Using inmate labor and volunteers, Farm Share re-sorts and packages an abundance of surplus food and distributes it to people, soup kitchens, homeless shelters, churches and other organizations feeding Florida’s hungry, all free of charge.
Farms Share State Operations Manager Jinny Botwin, working late Friday from the Homestead center, said that in 2014, the organization fed 4 million households, each with at least three people. Some households, including many migrants and people from the islands including Haiti, have as many as 10 people per household.
Started in 1991 by Patricia Robbins with a spiral notebook and a pencil, the Homestead resident got the idea when she questioned the destination of a dump truck filled with squash.
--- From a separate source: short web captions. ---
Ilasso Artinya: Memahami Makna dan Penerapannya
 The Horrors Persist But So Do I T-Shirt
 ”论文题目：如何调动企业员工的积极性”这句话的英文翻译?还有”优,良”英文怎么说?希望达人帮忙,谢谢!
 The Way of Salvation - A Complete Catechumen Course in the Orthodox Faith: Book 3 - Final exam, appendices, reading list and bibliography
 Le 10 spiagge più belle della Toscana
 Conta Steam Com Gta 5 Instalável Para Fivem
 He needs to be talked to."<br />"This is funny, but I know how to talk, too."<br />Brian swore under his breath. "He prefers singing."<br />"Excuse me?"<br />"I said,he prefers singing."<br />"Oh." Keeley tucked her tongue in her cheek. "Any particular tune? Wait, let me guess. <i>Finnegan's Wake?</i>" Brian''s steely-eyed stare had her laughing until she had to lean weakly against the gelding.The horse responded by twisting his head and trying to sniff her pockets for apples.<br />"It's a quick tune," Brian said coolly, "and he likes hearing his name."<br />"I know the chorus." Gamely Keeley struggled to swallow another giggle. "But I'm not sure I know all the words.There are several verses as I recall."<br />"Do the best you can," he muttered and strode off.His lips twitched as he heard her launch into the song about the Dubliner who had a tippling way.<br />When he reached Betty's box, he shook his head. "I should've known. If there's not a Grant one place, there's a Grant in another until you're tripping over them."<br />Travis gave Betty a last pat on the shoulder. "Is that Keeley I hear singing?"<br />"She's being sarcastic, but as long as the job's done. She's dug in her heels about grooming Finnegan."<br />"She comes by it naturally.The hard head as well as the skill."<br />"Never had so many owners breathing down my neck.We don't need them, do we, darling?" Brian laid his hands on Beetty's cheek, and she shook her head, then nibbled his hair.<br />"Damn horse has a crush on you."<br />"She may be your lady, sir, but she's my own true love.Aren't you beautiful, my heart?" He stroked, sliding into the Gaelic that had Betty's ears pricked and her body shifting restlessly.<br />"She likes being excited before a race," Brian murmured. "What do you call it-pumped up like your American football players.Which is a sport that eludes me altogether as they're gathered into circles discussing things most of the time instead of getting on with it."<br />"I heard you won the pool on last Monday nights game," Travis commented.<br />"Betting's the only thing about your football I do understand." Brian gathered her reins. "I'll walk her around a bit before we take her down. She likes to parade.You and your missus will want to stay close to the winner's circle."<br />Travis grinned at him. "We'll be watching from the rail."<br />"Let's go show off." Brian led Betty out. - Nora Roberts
Upon hearing it was being discarded, Farm Share was born.
Fasano, then a freshman member of the House of Representatives, recognized the need in his community and connected the dots to take care of his constituents.
“It continues to grow exponentially each year,” Fasano said. “Last year we ran out of food again after feeding 500 families and had to turn people away. This year, we purchased additional food including 600 hams, 600 bags of potatoes, 600 cans of veggies and lots of candy canes.”
Relying on his office staff, volunteers from Bear Creek Nursing Rehabilitation Center, Dayspring Academy, Publix, Lowe’s, Land ‘O Lakes Moving, Pasco County Sheriff’s Department, Suncoast Epilepsy Community Volunteer Corp, Pasco County Professional Firefighters and myriad community volunteers, Fasano ran the operation like clockwork.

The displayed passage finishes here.